Everybody's in Show-Biz es un álbum de The Kinks lanzado en 1972. Grabado en Grabado a lo largo de 1971 y principios de 1972 en los Morgan Studios de Londres, durante un período de transición para The Kinks tras el éxito conceptual de Lola versus Powerman and the Moneygoround, Part One y el subsiguiente tour estadounidense.. Producción a cargo de Ray Davies. Escuchalo completo en LyricStream.
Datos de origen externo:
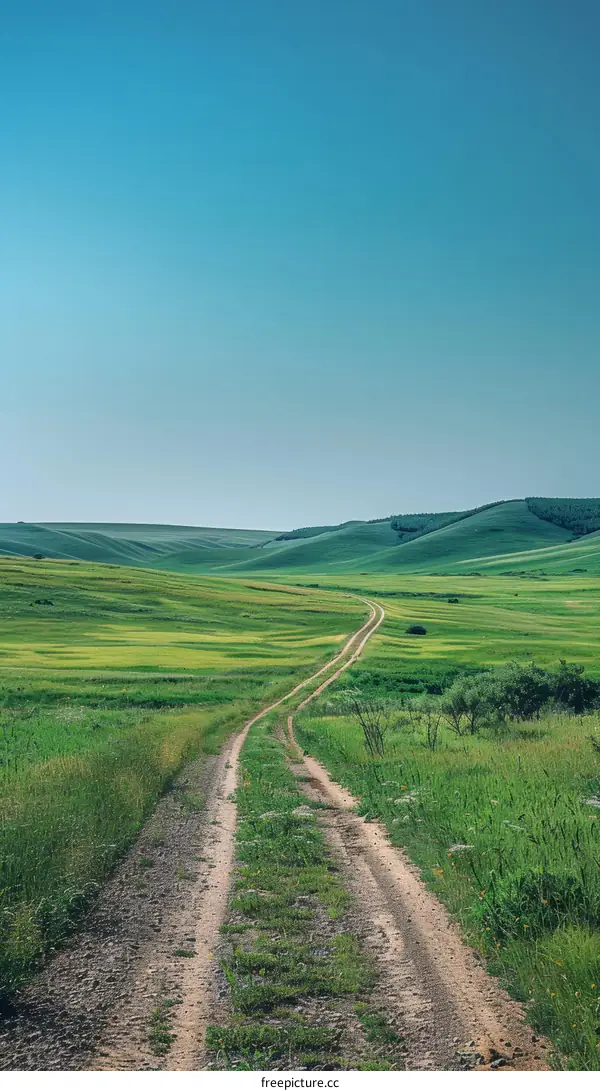 dirt road through a lush green grassy hill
Tras la conclusión de su contrato con Pye Records en el Reino Unido, The Kinks firmaron con RCA Victor en 1971, buscando un nuevo impulso creativo y comercial. Ray Davies, principal compositor y líder de la banda, concibió Holloway Jail como una obra conceptual inspirada en la vida de los presos y la atmósfera de la prisión de Holloway en Londres, un tema que reflejaba su creciente interés por narrativas sociales y marginales. Las sesiones de grabación se realizaron en los Morgan Studios, con la formación clásica de la banda: Ray Davies (voz y guitarra), Dave Davies (guitarra), John Dalton (bajo) y Mick Avory (batería), junto al tecladista John Gosling, quien se había unido recientemente. El álbum fue grabado en un ambiente de urgencia y experimentación, con Ray Davies asumiendo el control total de la producción para plasmar su visión teatral y literaria.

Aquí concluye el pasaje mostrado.